勝林寺にある田沼意次の墓(東京都豊島区)
大河ドラマ『べらぼう』で渡辺謙さんが演じることで、田沼意次に対する注目度が高まっている。
かつては「賄賂政治家」といったマイナスイメージで語られることもあった田沼だが、そのイメージだけでは、眞島秀和さん演じる将軍・徳川家治から信頼された理由は見えてこないだろう。ここでは、田沼意次が幕政のトップにのぼりつめ、権勢をふるうことができた理由を解き明かそう。
(※本稿は、安藤優一郎著『蔦屋重三郎と田沼時代の謎』(PHP研究所)より、内容を一部抜粋・編集したものです)
蔦屋重三郎は出版活動を通じて江戸の社会を活性化させていくが、当時の時代背景を踏まえずしてその活躍は語れない。進取の気性に富む田沼時代という時流に乗って新たな取り組みに挑戦し、出版界の寵児に躍り出たからである。
当時は、田沼意次が幕政を主導したことで田沼時代と呼ばれるが、意次とはどんな人物だったのか。まずは幕府のトップにのぼりつめるまでを紹介しよう。
享保4年(1719)、意次は旗本・田沼意行(もとゆき)の長男として江戸で生まれた。3年前の享保元年(1716)に、意行は紀州藩士から幕臣(旗本)に取り立てられたばかりだった。この年、御三家の1つ紀州藩の藩主・徳川吉宗が8代将軍の座に就いたことにより、幕臣団に編入されたのである。
意行は幕臣としても、紀州藩士としても新参者だった。

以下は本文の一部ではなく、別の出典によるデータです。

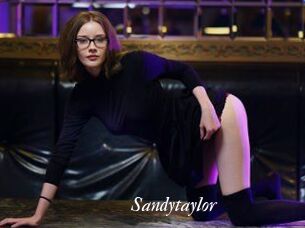 Sandytaylor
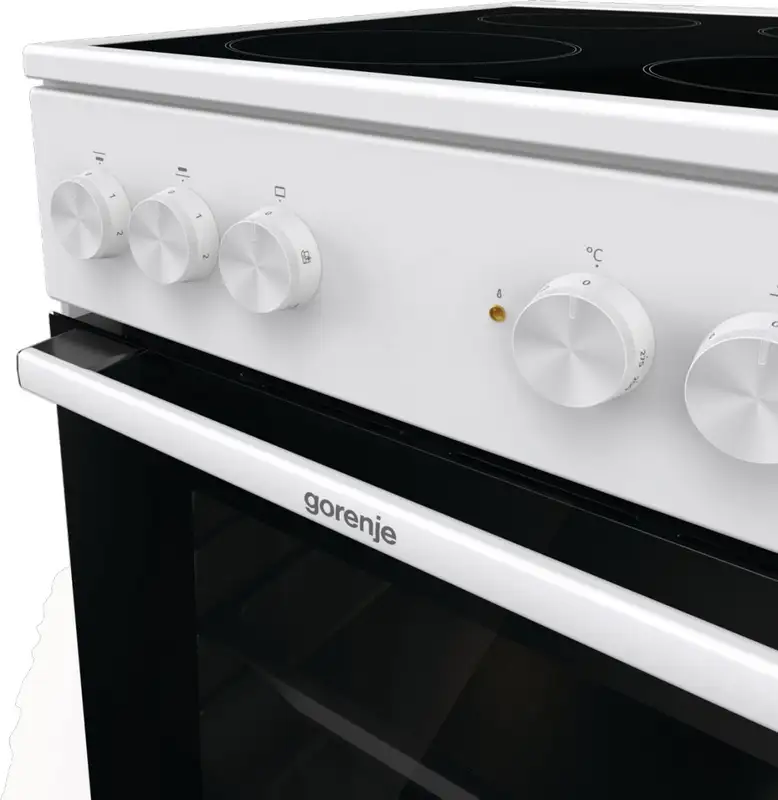 GORENJE GEC 5A11 WG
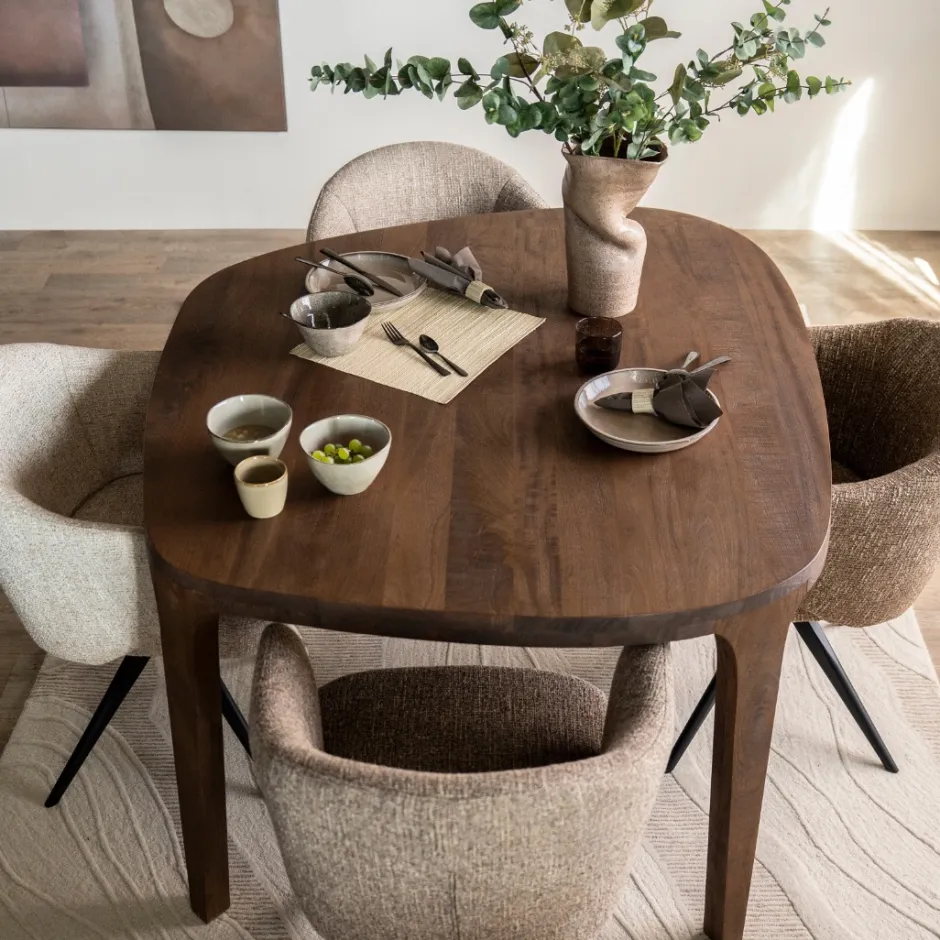 Eettafels*HUUS Eettafel Taylor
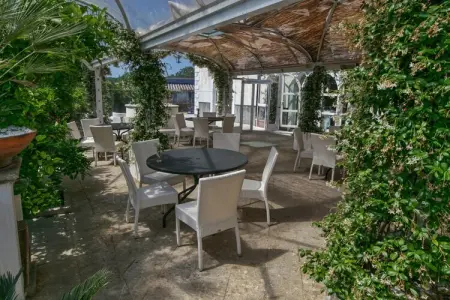 Mandarino, Maison à San Cipriano avec piscine - Photo 31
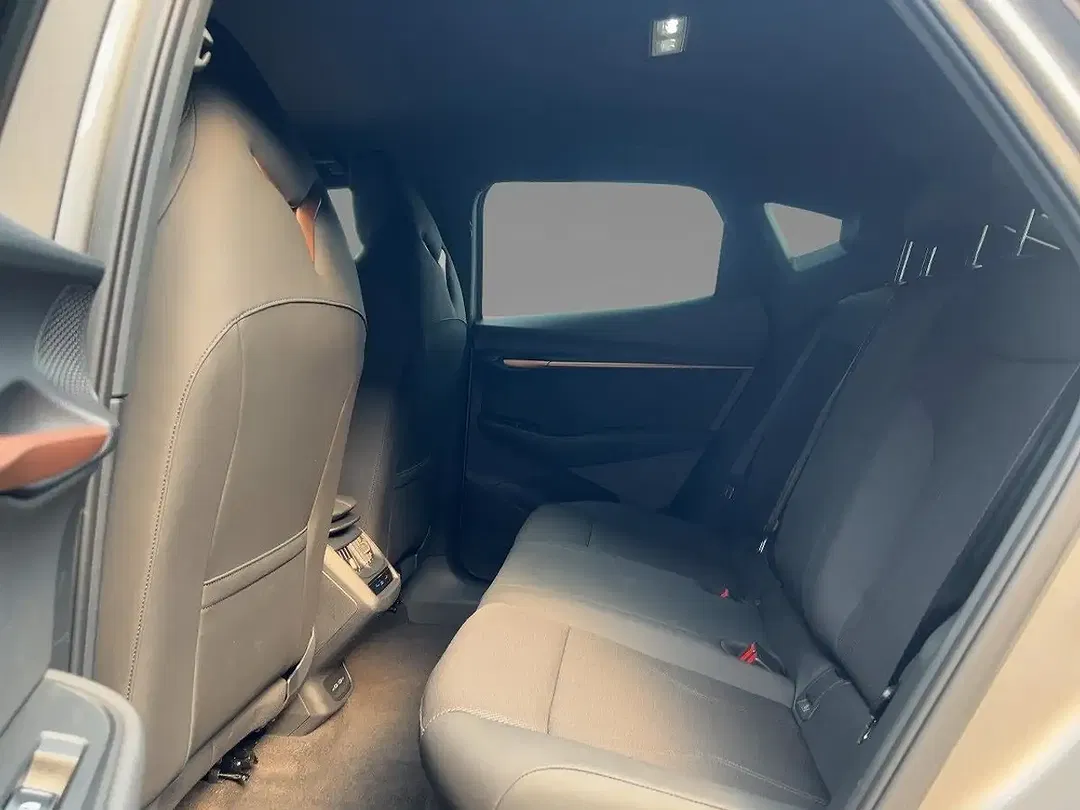 CUPRA Tavascan Endurance - Thumbnail 8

田沼家は紀州藩に仕えていたが、元禄年間(1688〜1704年)に意行の父・義房が病のため退身してしまう。その後、宝永元年(1704)に意行が吉宗に召し出され、改めて紀州藩士となったからだ。
翌2年(1705)、兄・頼職の死を受けて吉宗が藩主の座に就くと、意行は、吉宗の側近くで警護にあたる小姓に取り立てられる。11年後の享保元年に、吉宗が将軍の座に就いて江戸城に入ると、今度は幕臣として召し出されて将軍の小姓となった。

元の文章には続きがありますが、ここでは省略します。